DATA EXCERPTS:
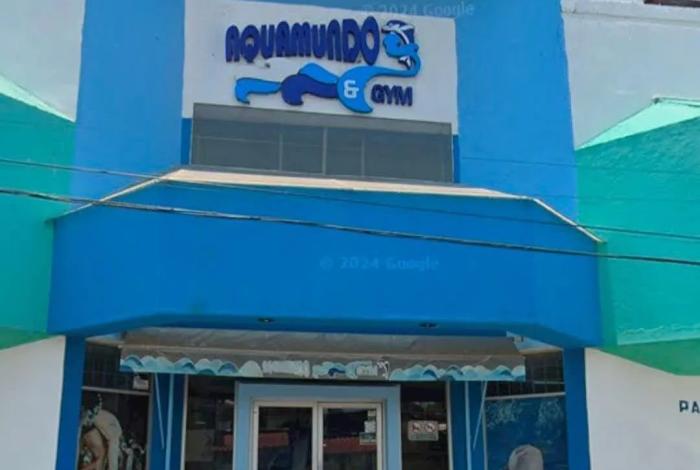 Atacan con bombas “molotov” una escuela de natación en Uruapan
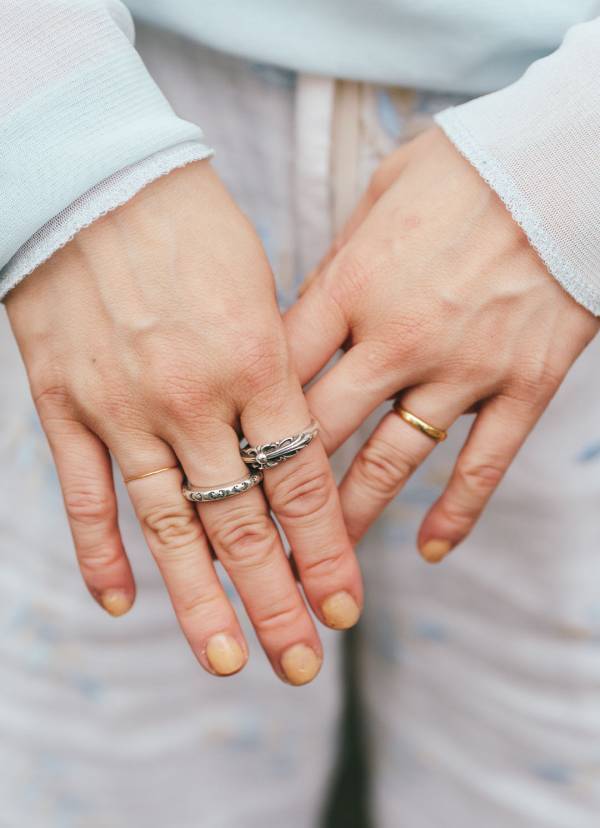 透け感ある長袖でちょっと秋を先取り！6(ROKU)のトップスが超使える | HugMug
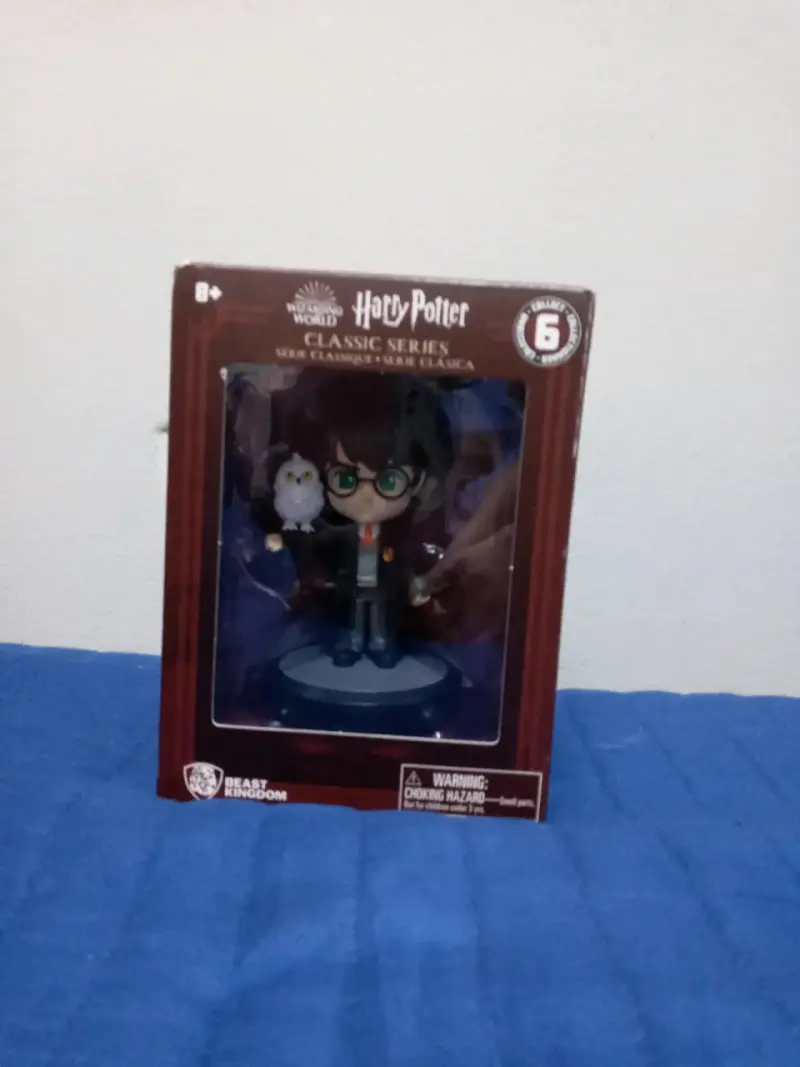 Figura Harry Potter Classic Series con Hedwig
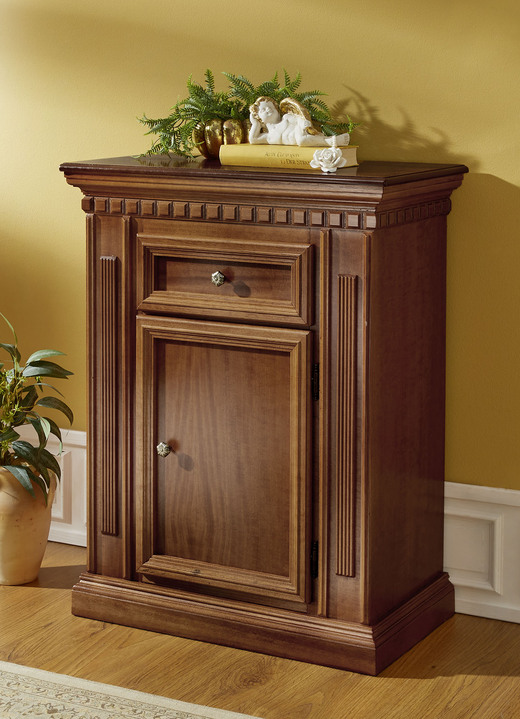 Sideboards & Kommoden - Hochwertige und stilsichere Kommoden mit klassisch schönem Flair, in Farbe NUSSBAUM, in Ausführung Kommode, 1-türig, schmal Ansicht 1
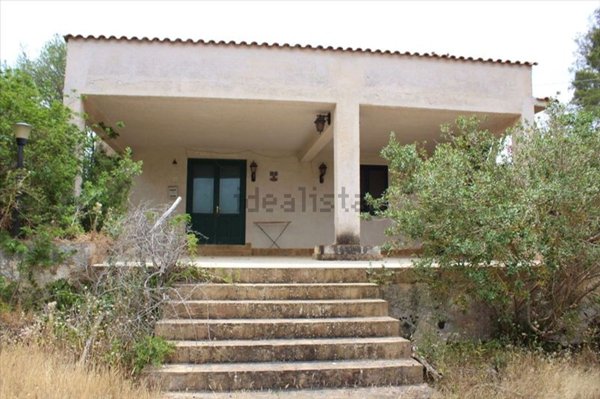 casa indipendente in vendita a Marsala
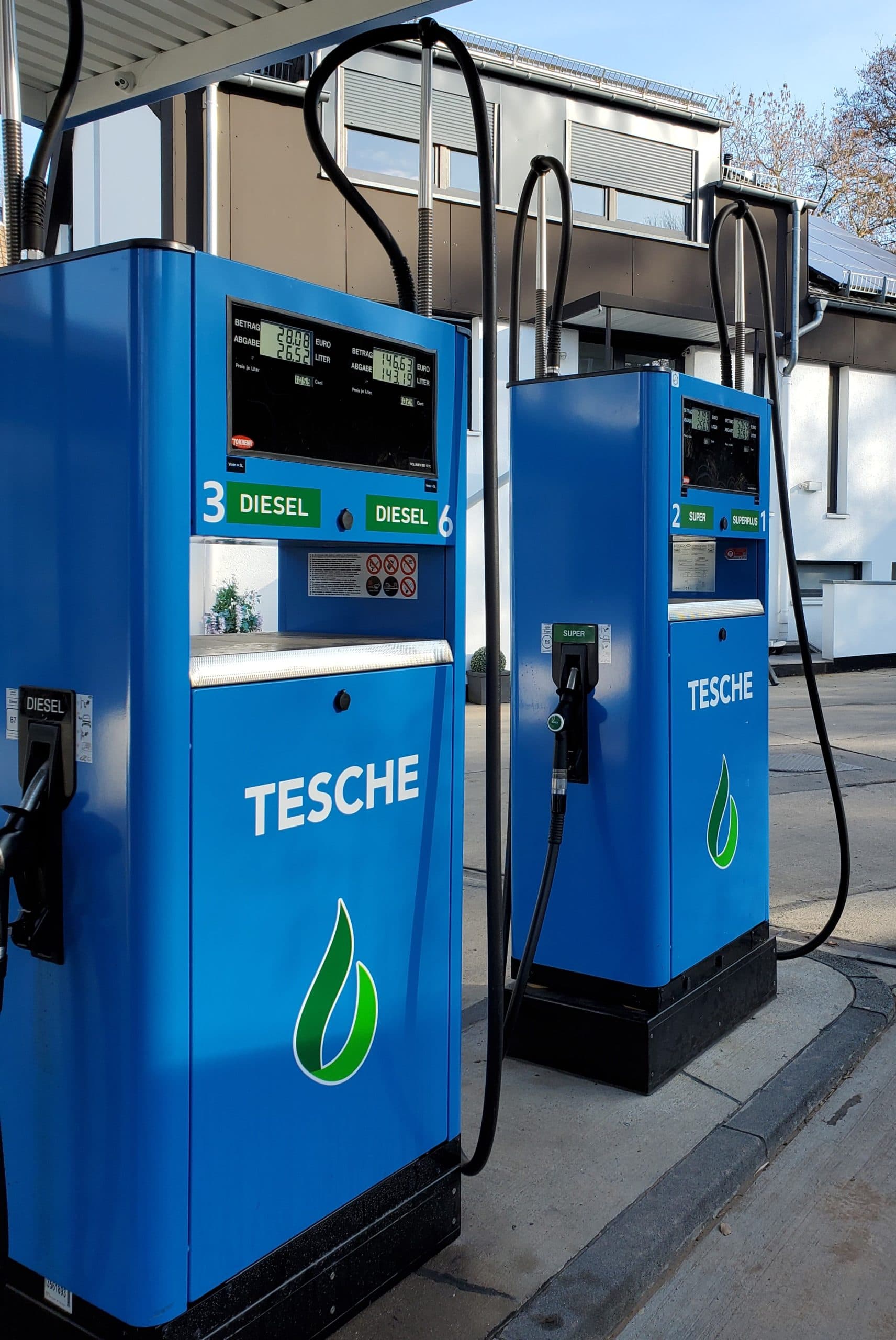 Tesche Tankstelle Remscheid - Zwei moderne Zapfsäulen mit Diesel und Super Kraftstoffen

ABOUT THIS EXERCISE:
Please reproduce the records above exactly, omitting every picture.

EXERCISE RESPONSE:
 Atacan con bombas “molotov” una escuela de natación en Uruapan
 透け感ある長袖でちょっと秋を先取り！6(ROKU)のトップスが超使える | HugMug
 Figura Harry Potter Classic Series con Hedwig
 Sideboards & Kommoden - Hochwertige und stilsichere Kommoden mit klassisch schönem Flair, in Farbe NUSSBAUM, in Ausführung Kommode, 1-türig, schmal Ansicht 1
 casa indipendente in vendita a Marsala
 Tesche Tankstelle Remscheid - Zwei moderne Zapfsäulen mit Diesel und Super Kraftstoffen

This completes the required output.